|This article does not cite any references or sources. (December 2009)|
A lock convoy occurs when multiple threads of equal priority contend repeatedly for the same lock. Unlike deadlock and livelock situations, the threads in a lock convoy do progress; however, each time a thread attempts to acquire the lock and fails, it relinquishes the remainder of its scheduling quantum and forces a context switch. The overhead of repeated context switches and underutilization of scheduling quanta degrade overall performance.
Lock convoys often occur when concurrency control primitives such as critical sections serialize access to a commonly used resource, such as a memory heap or a thread pool. They can sometimes be addressed by using non-locking alternatives such as lock-free algorithms or by altering the relative priorities of the contending threads.
Critical sections as implemented in Microsoft Windows operating systems provide a good example of how lock convoys can occur. In Windows, critical sections use a combination of a spinlock and a kernel synchronization object called an "event" to ensure mutual exclusion. For low-contention critical sections, the spinlock will provide mutual exclusion most of the time, falling back on the event only when a thread fails to acquire the spinlock within a certain amount of time. When contention is high, however, it is possible for many threads to fail to acquire the spinlock and enter a waiting state, all waiting on the same event.

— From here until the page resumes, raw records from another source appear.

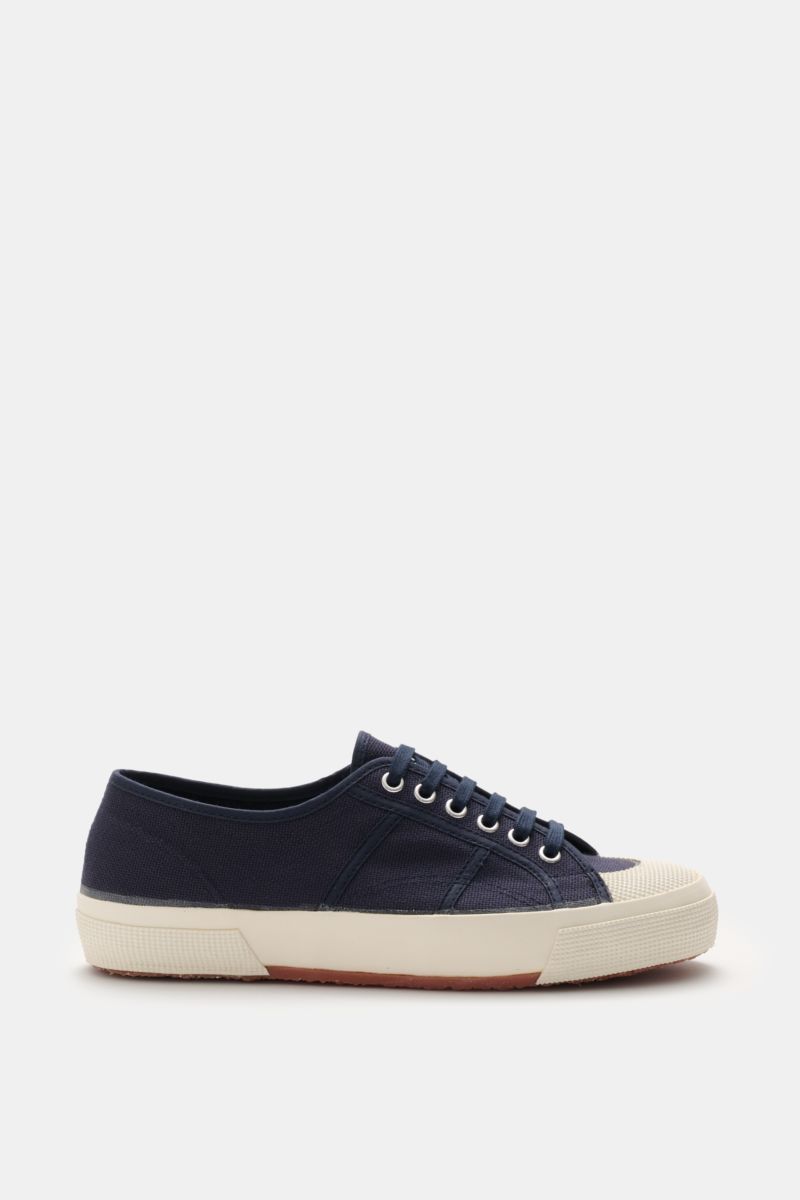 Superga Sneaker 'Militaire' navy/offwhite shown from the side, canvas cotton with round toe, six-eyelet lacing, reinforced rubber cap, flexible sole.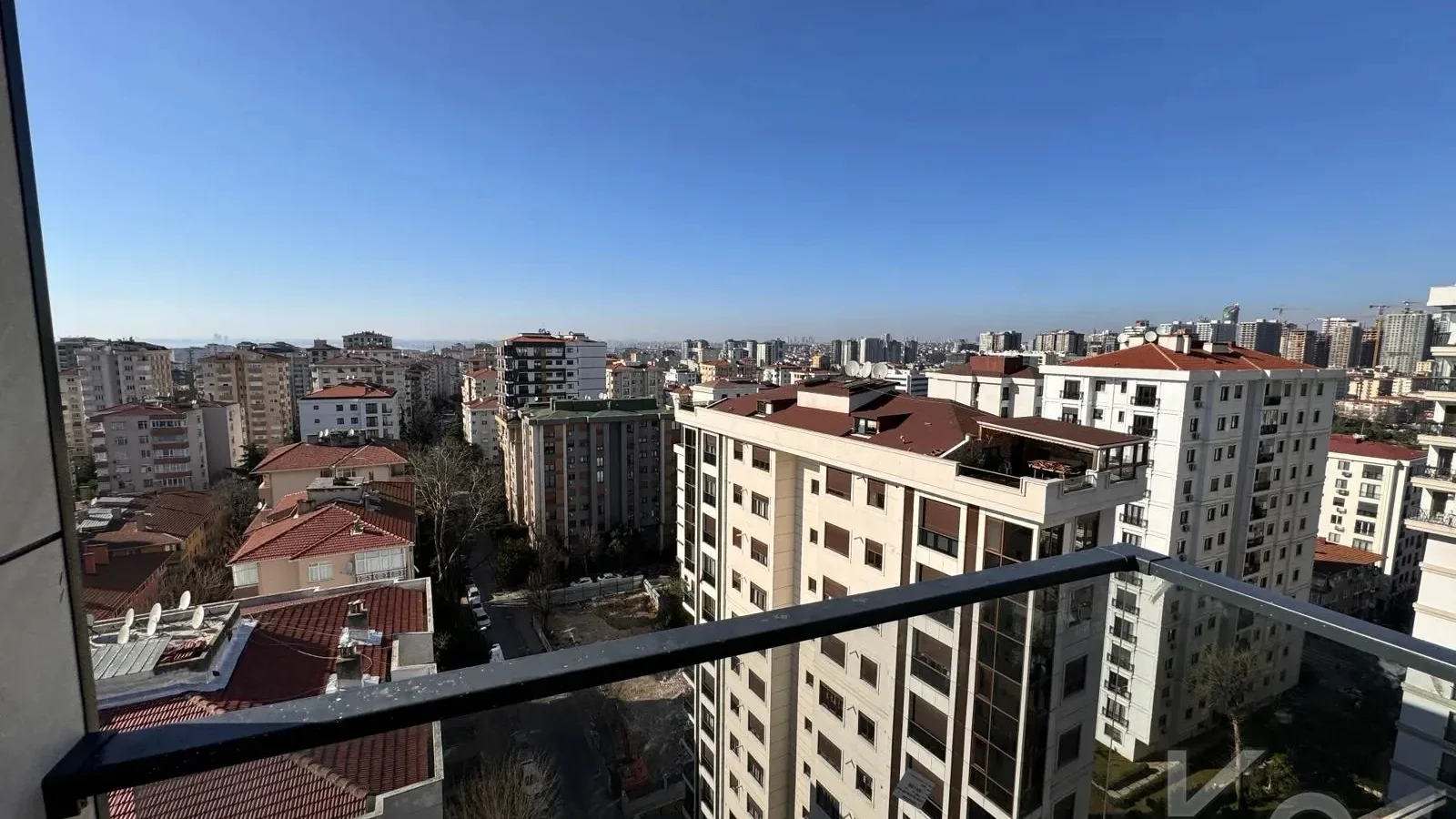 Laci̇vertcadde Feneryolu Ebeveynli̇ Balkonlu 2025 Sifir 92m² 3+1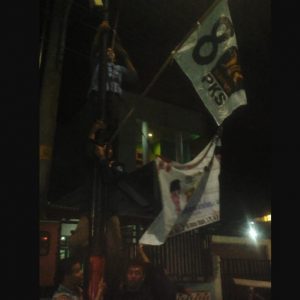 Bendera Sering Hilang, Kader PKS ini Lakukan Aksi “Panjat Pinang”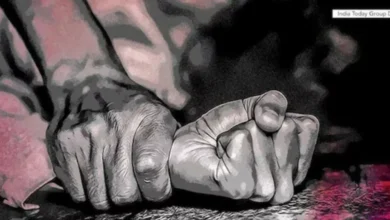 Photo of नोएडा में कंप्यूटर शिक्षक अपनी 11वीं की छात्रा से 2 साल तक करता रहा हैवानियत 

When the event is signaled, all threads that are waiting on the event are woken, but only one will be allowed to acquire the critical section and continue execution; the remaining threads will each block again.
As of Windows 2003, a thread waiting on an event is boosted to 1 priority level more than the thread which "set" (i.e. signaled) the event associated to the critical section (aka, the thread releasing the critical section, which notifies other waiters by signaling the event). On the other hand, the setting thread will also lose the boost it may have requested while calling the "Set Event" API, which takes such a boost as a parameter.
These two improvements help against a lock convoy, because now, each waiting thread should be able to run its full quantum, while the thread releasing the lock will probably have to wait more before being able to acquire the resource again.